I found the cellar door locked. The lock gave with one hefty shove.

It built them to carry out environmental tests on the atomic bomb.

They designed these tests to mimic the rigours to which they subjected a weapon before detonation, and included vibration, extremes of temperature, shocks, and G forces.

They installed heavy reinforced concrete roofs designed to absorb a blast.

Any objects thrown out by an accidental explosion?

I knew they said no nuclear material was involved, the high explosive initiator was present, and a test failure could have resulted in a catastrophic explosion.

Nuclear weapons contain large amounts of high explosives, designed to compress the fissile material, and start a runaway nuclear reaction.
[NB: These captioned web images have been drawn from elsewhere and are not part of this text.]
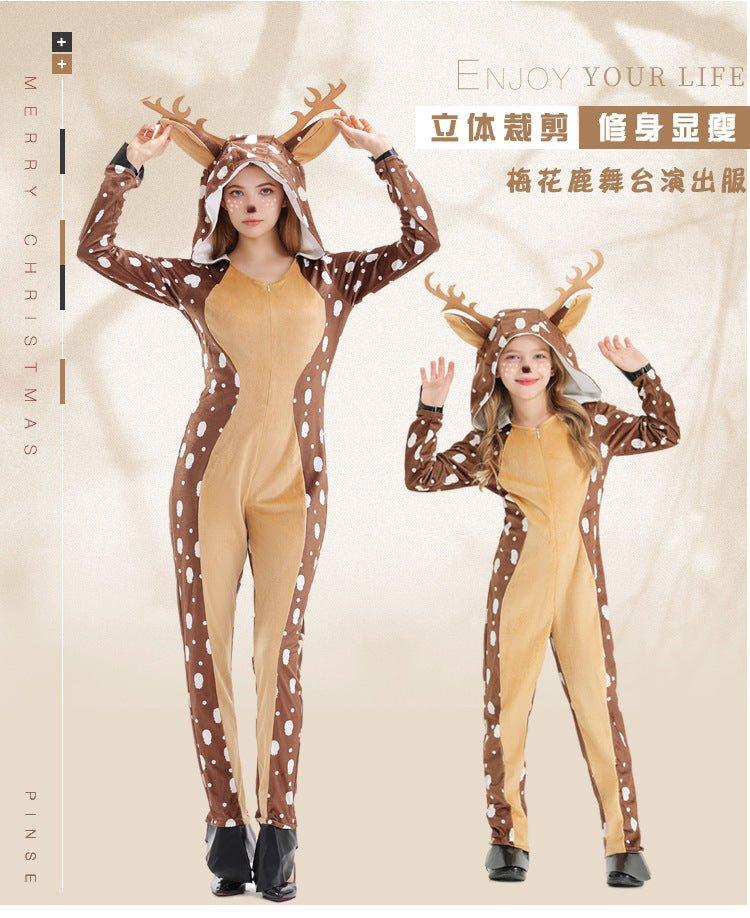 Christmas costume cosplay cute sika deer animal outfit khaki spotted deer stage performance clothes - Coscosmos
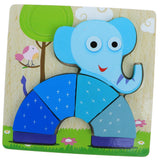 Maxbell Cartoon Cognitive Wooden Jigsaw Puzzles Kids Baby Educational Toy Elephant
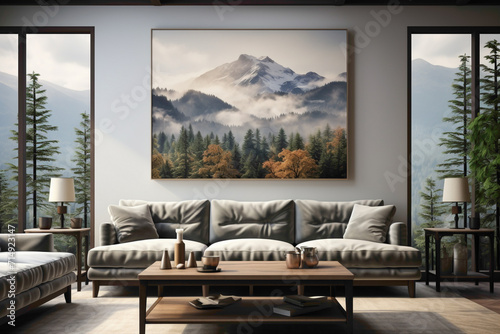 Adorn your space with a simple frame showcasing a breathtaking nature painting, capturing the essence of serene landscapes. Elevate your surroundings with the beauty of art. © Usman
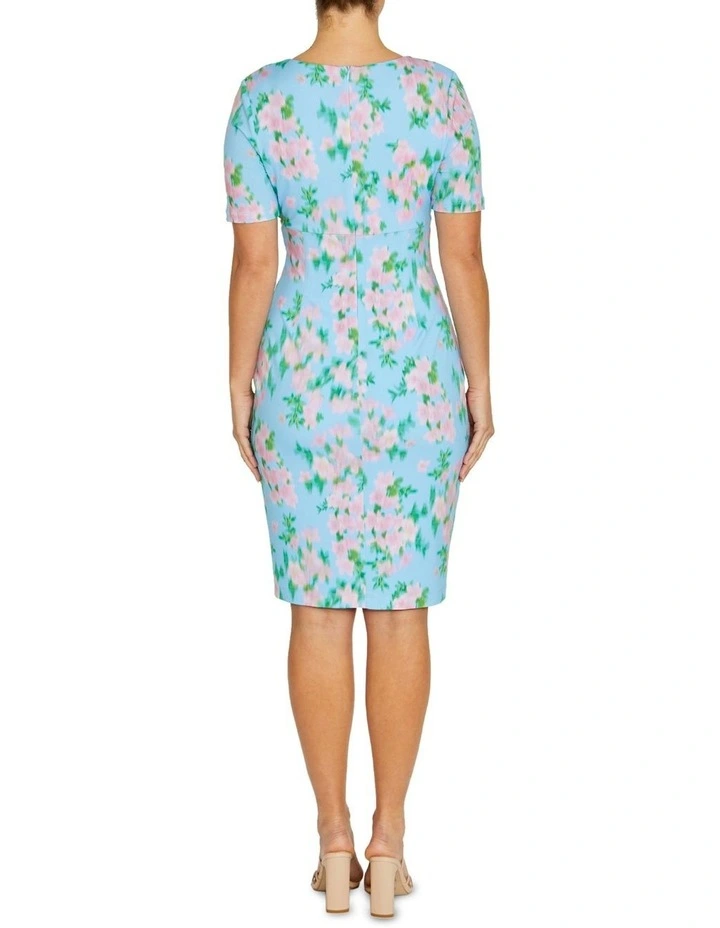 Emelynn Floral Haze Jersey Dress in Blue image 2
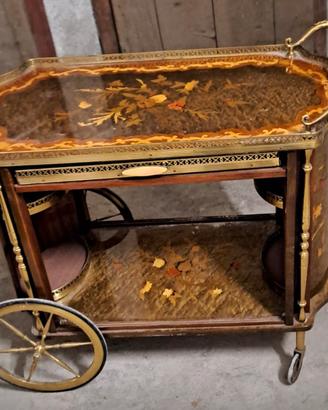 Carrello bar vintage intarsiato - metà 900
For this reason, they did even these cleaner tests within special buildings that contain any explosions.

From where I now stood, I could see the vents which sat beneath the concrete roof. A thick layer of dust covered the floor. Streaked by confused tracks of footprints leading from the exit to where I was standing.

I knew now that I was alone. For how long? It appeared a poor idea to waste even a second.

I opened the nearest exit door and hopped out into the heavy, falling rain. Looked around me. I knew where I was.

The small wooden building looked at the lower part of a Dutch windmill. Painted black.

The DEFRA complex illuminated. Search-lights swinging in a wide curve, back and forth across the shingle.

I needed to get off the spit.

But how?

Morning was approaching.

The rain fell.

Before the winter, the raindrops were so ambient. The blessings from the clouds alight on my skin with the coldness of the season ahead. The autumn feels more wintry at this point. They spent the summery half. I tilt my head to the graphite sky and let the water cover my skin. Pushing back winter is pointless.

I headed towards the pier. I was so numb. My feet and hands were numb.

I hobbled across the landscape.

There was no boat moored.

I swam.

Freezing water is the most efficient thief of heat I know. It takes what it does not need. I gasped as my body touched the water, and my blood froze in my veins. As I submerged, my skin turned rough with goosebumps. As I swam, the water made small eddies around my skin. Temperature of the water was chilly enough to overwhelm me, the current strong enough to drag me far out to sea. Concerned by the low temperature, might make my muscles seize. Crossing in such icy water is a compromise. Fast enough not to become hypothermic, and steady enough not to fail.

My heat ran to my core to shelter and hoard the warmth that remained.